The Lord Is Building: the reason for confidence when the way before us is unclear

“Unless the Lord builds a house,
    the work of the builders is wasted.
Unless the Lord protects a city,
    guarding it with sentries will do no good.
It is useless for you to work so hard
    from early morning until late at night,
anxiously working for food to eat;
    for God gives rest to his loved ones.”

Psalm 127:1-2

April 25, 2023

It’s Day Five up at Guthrie Lake, Michigan. My mom and dad come up this early every year to open the cabin for rentals after the long winter. I’m glad we decided to come along this year. It’s been sweet. Peaceful. Also exhausting. Funny that those things can co-exist. That you can be so physically drained and yet find that some of your inner wrestling has settled. I think living a different rhythm for a minute has given some needed space to sit with the changes, to ask questions, to gain clarity and to acknowledge what remains unresolved.

My whole family is sick. I’m now using an inhaler multiple times a day. We’ve had many, many Abi tantrums. Failures, tears, walks in the woods, and grace. Cold weather and aching throats. Fussy baby, another ear infection, rocking by the fire at 2 a.m., and discovering beaver-chewed trees. Another round of searching for houses in the woods on the water. Nothing’s turning up that we can afford. Cody seems like if we found something, he’d want to go for it – to set us up with housing for furloughs – with land we can start paying off and renting out while we’re overseas, maybe even blessing other families with it as we’re able to. I, too, have a growing desire to own a place that confuses me sometimes…but I have a lot of hesitation about the amount of stress it could add to our lives this year as we prepare in so many other ways to return to life and ministry overseas. Especially just coming out of my weakest, shakiest years ever, it’s hard to judge where I am strong enough to face risk and challenge again, and where I will buckle if I push too soon.

Here’s what I keep coming back to:

“Unless the Lord builds the house, the work of the builders is wasted…it is useless for you to work so hard from early morning until late at night, anxiously working…”

Psalm 127:1-2

God says that the anxious work that robs me of rest is useless. Wasted. What the Lord builds, that’s what stands. How much restlessness have I endured, so concerned about whether dearly-held hopes for my life will come together, instead of standing in confidence that the Lord is building – and that what He is building will stand?

“The Lord will work out his plans for my life – for your faithful love, O Lord, endures forever…”

Psalm 138:8

“The Lord directs the steps of the godly.
    He delights in every detail of their lives.”

Psalm 37:23

God is a good communicator. He is the source of peace. He is able to lead and guide me every step of the way. He’s building the details of my small life, and with it, He is also building something so much bigger. I have every reason for confidence.
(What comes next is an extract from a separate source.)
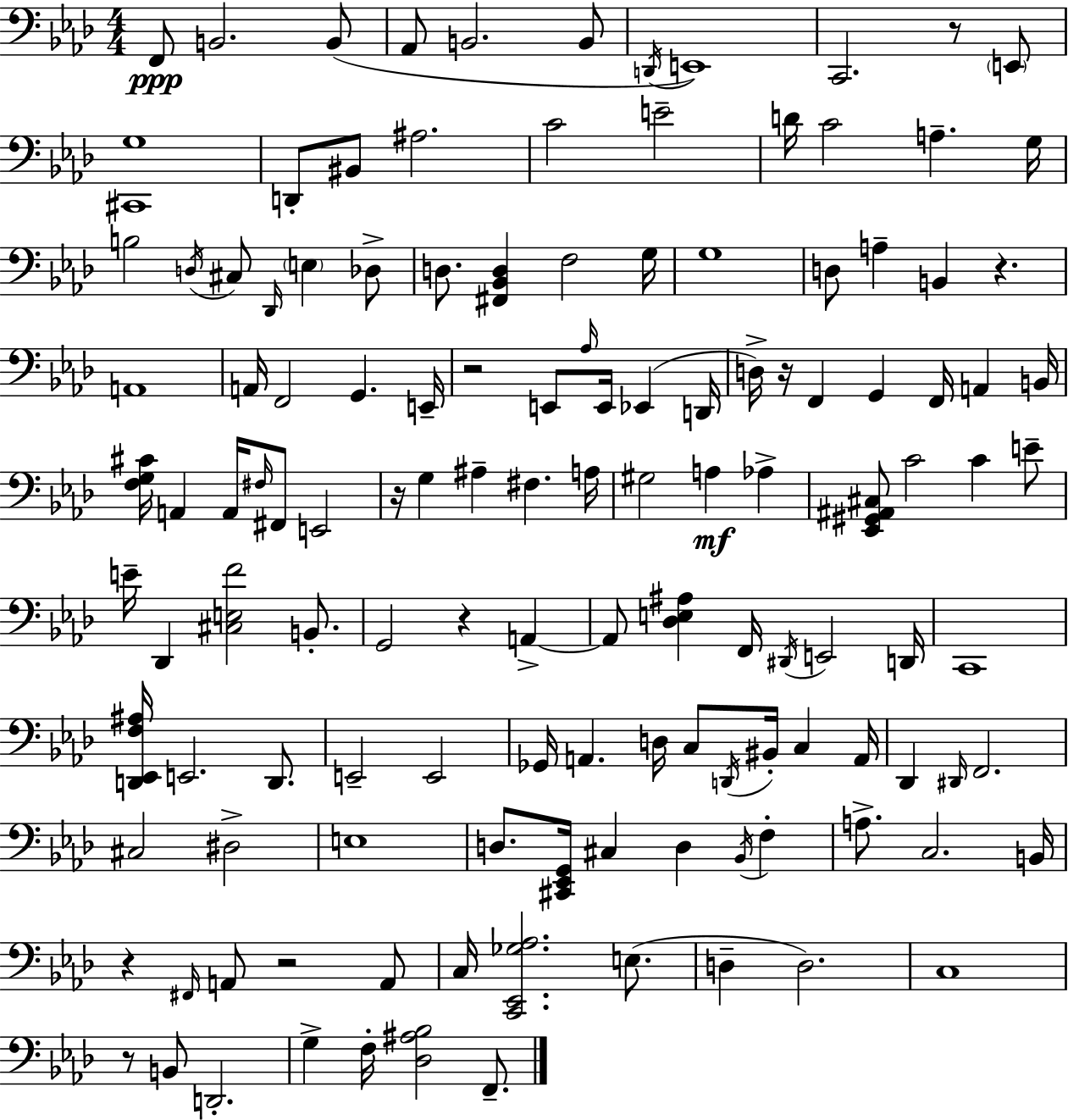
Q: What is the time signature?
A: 4/4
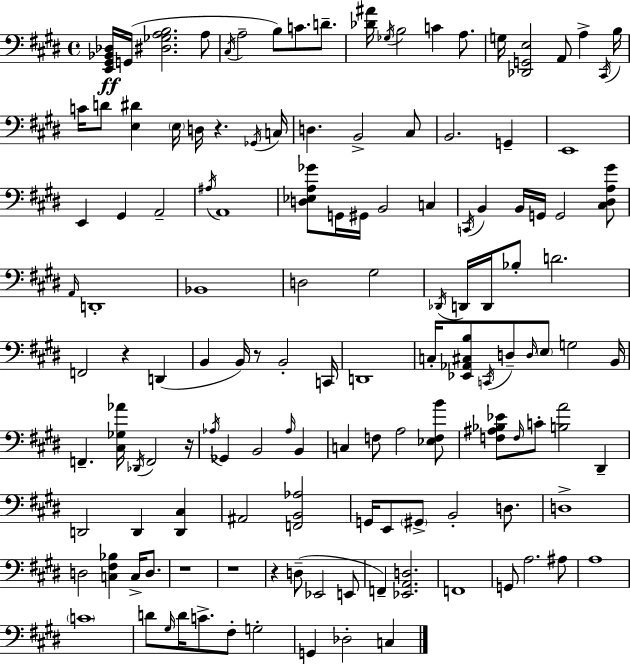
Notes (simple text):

[E2,G#2,Bb2,Db3]/s G2/s [D#3,Gb3,A3,B3]/h. A3/e C#3/s A3/h B3/e C4/e. D4/e. [Db4,A#4]/s Gb3/s B3/h C4/q A3/e. G3/s [Db2,G2,E3]/h A2/e A3/q C#2/s B3/s C4/s D4/e [E3,D#4]/q E3/s D3/s R/q. Gb2/s C3/s D3/q. B2/h C#3/e B2/h. G2/q E2/w E2/q G#2/q A2/h A#3/s A2/w [D3,Eb3,A3,Gb4]/e G2/s G#2/s B2/h C3/q C2/s B2/q B2/s G2/s G2/h [C#3,D#3,A3,G#4]/e A2/s D2/w Bb2/w D3/h G#3/h Db2/s D2/s D2/s Bb3/e D4/h. F2/h R/q D2/q B2/q B2/s R/e B2/h C2/s D2/w C3/s [Eb2,Ab2,C#3,B3]/e C2/s D3/e D3/s E3/e G3/h B2/s F2/q. [C#3,Gb3,Ab4]/s Db2/s F2/h R/s Ab3/s Gb2/q B2/h Ab3/s B2/q C3/q F3/e A3/h [Eb3,F3,B4]/e [F3,A#3,Bb3,Eb4]/e F3/s C4/e [B3,A4]/h D#2/q D2/h D2/q [D2,C#3]/q A#2/h [F2,B2,Ab3]/h G2/s E2/e G#2/e B2/h D3/e. D3/w D3/h [C3,F#3,Bb3]/q C3/s D3/e. R/w R/w R/q D3/e Eb2/h E2/e F2/q [Eb2,A2,D3]/h. F2/w G2/e A3/h. A#3/e A3/w C4/w D4/e G#3/s D4/s C4/e. F#3/e G3/h G2/q Db3/h C3/q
“For you are my hiding place;
    you protect me from trouble.
    You surround me with songs of victory. 

The Lord says, “I will guide you along the best pathway for your life.
    I will advise you and watch over you.”

Psalm 32:7-8

Lord,

My whole heart is before you. Not just with thoughts of a settling place for my family when we face transition again, but with all our hopes, all that we’ve worked toward, and all our worries and burdens.

I want to rest content, holding all that I do not yet grasp in surrender. I want to walk bravely, thoughtfully, patiently, and humbly. I want to work with all my might and rest when it’s warranted, even when the need for rest comes unexpectedly.

Lord, quiet my anxious heart. Give us lamplight for the next step. Give us unity and peace if you are granting us a desire that takes risk. Help us to wait on you. Encourage our hearts for the calling of parenting our kids and shepherding them toward you. Fix my gaze on you alone.

My work is in vain unless you carry it out.

So I will not labor anxiously, striving to bring about things that I cannot. Not in my life, not with my kids, not even in my own heart. I must hold in view who does the work.

I will hold out for what you are giving and labor heartily according to the route you are carrying us along, even when it confuses me.

Give us understanding, Lord – that we may use our small strength well – given to the One who can multiply it.